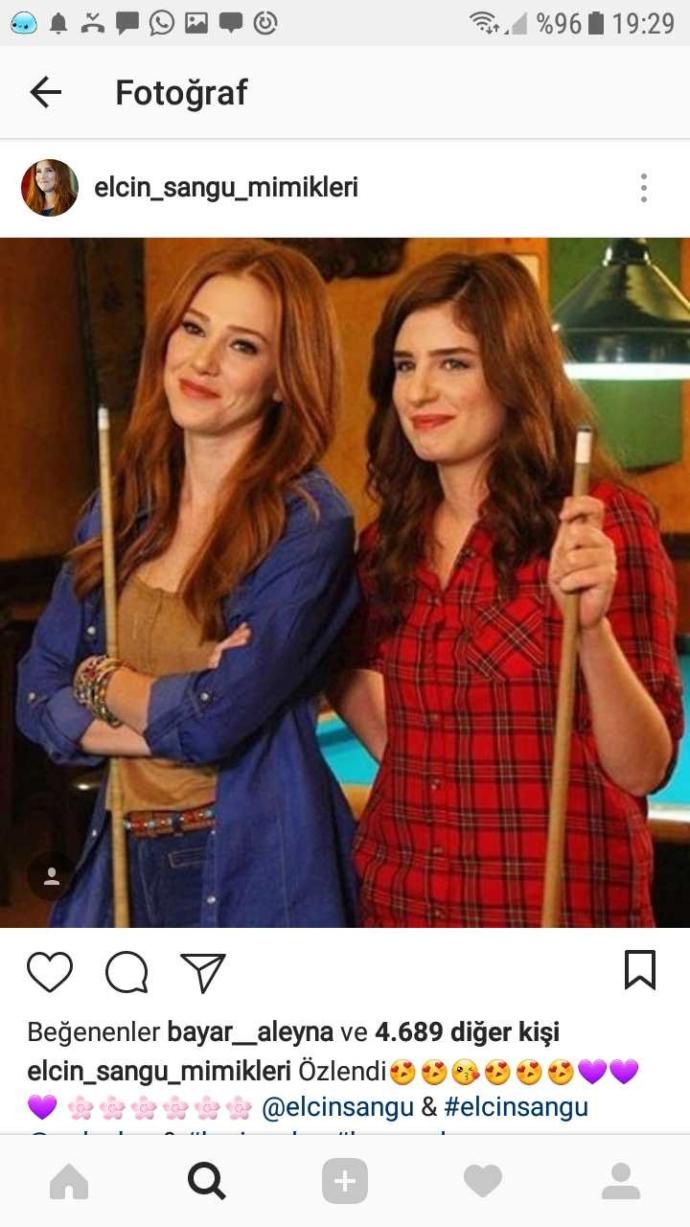 Elçin sangunun saçı??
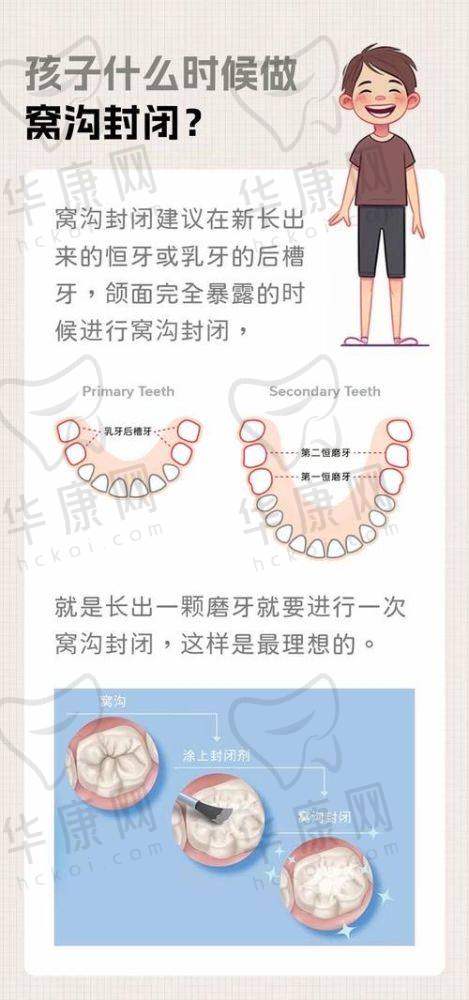 儿童窝沟封闭的重要性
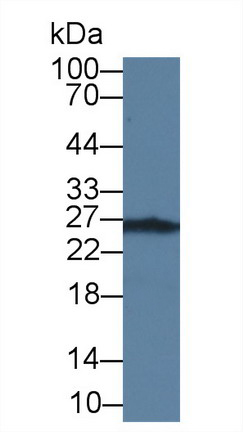 Monoclonal Antibody to Thymidine Kinase 1, Soluble (TK1)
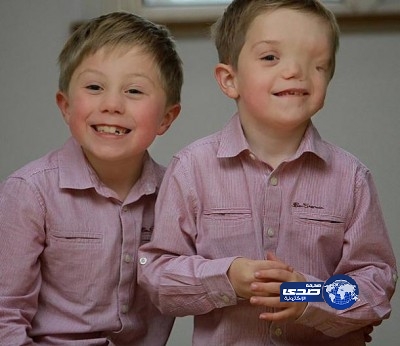 في حالة غريبة من نوعها .. طفل بنصف وجه ” شاهد الصور”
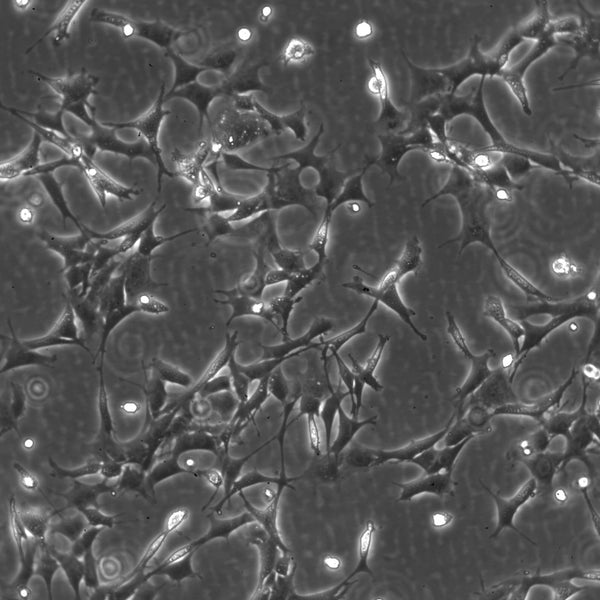 E11 cell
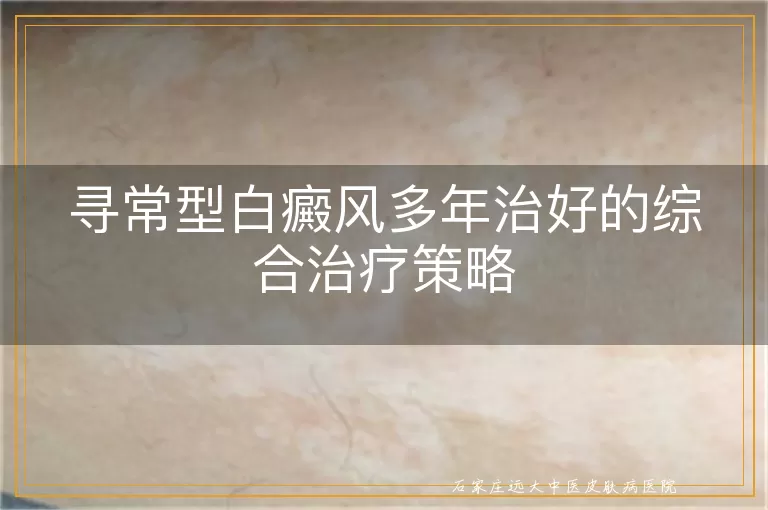 寻常型白癜风多年治好的综合治疗策略
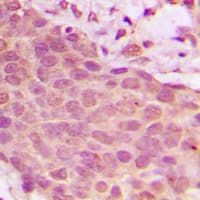 RELA / NFKB p65 Antibody (phospho-Ser536)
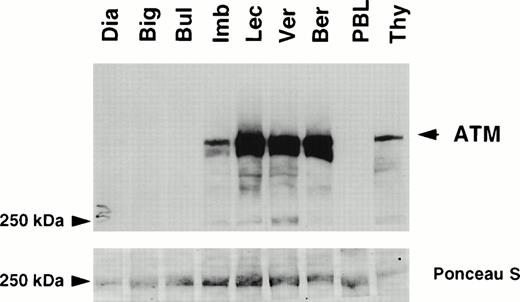 Fig. 2. Expression of ATM in T-PLLs . Detergent lysates (60 μg/lane) were subjected to SDS-polyacrylamide gel electrophoresis (SDS-PAGE) through a 5% gel. Immunoblot analysis was performed using the anti-ATM antiserum pAB 132 (upper panel). Ponceau S staining was used to verify equal loading and protein integrity (lower panel). Samples analyzed were T-PLLs with LOH of the 11q22-23 region: Dia, Big, Bul, Imb, and Lec; T-PLLs without LOH: Ver and Ber; normal peripheral lymphocytes (PBL); normal thymocytes (Thy). Molecular weight standards are given in kD. The ATM specific signal is arrowed.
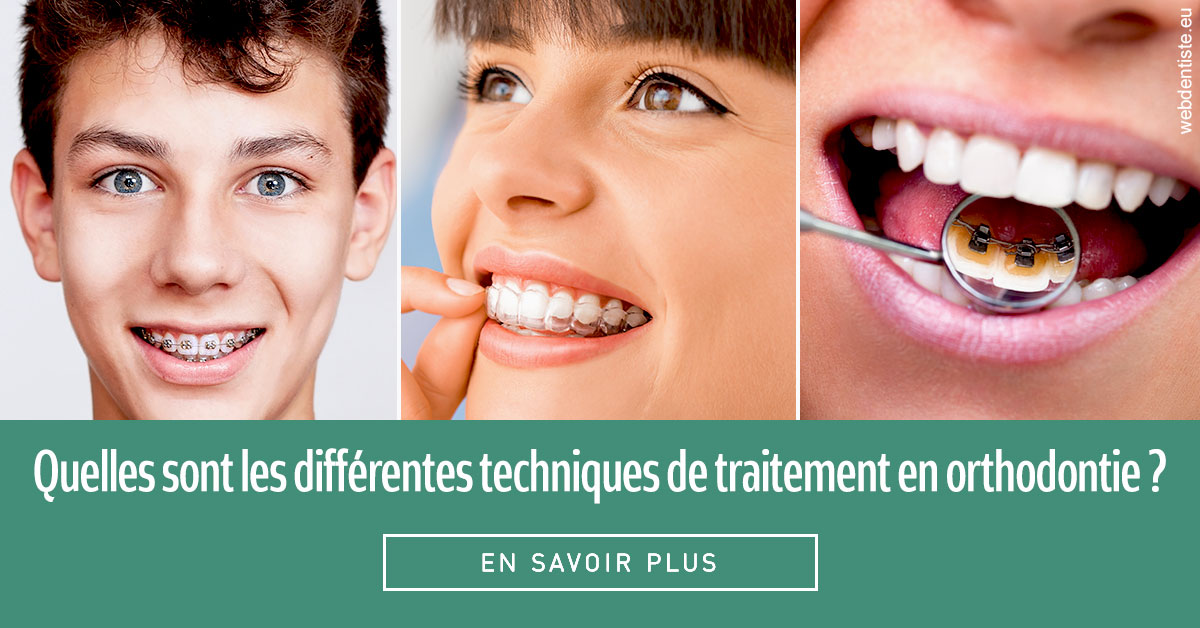 https://www.orthodontiste-st-etienne.fr/Les différentes techniques de traitement 2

◆ Problem to solve: Output the data exactly as it is, with the pictures dropped.

◆ Written response:
 Elçin sangunun saçı??
 儿童窝沟封闭的重要性
 Monoclonal Antibody to Thymidine Kinase 1, Soluble (TK1)
 في حالة غريبة من نوعها .. طفل بنصف وجه ” شاهد الصور”
 E11 cell
 寻常型白癜风多年治好的综合治疗策略
 RELA / NFKB p65 Antibody (phospho-Ser536)
 Fig. 2. Expression of ATM in T-PLLs . Detergent lysates (60 μg/lane) were subjected to SDS-polyacrylamide gel electrophoresis (SDS-PAGE) through a 5% gel. Immunoblot analysis was performed using the anti-ATM antiserum pAB 132 (upper panel). Ponceau S staining was used to verify equal loading and protein integrity (lower panel). Samples analyzed were T-PLLs with LOH of the 11q22-23 region: Dia, Big, Bul, Imb, and Lec; T-PLLs without LOH: Ver and Ber; normal peripheral lymphocytes (PBL); normal thymocytes (Thy). Molecular weight standards are given in kD. The ATM specific signal is arrowed.
 https://www.orthodontiste-st-etienne.fr/Les différentes techniques de traitement 2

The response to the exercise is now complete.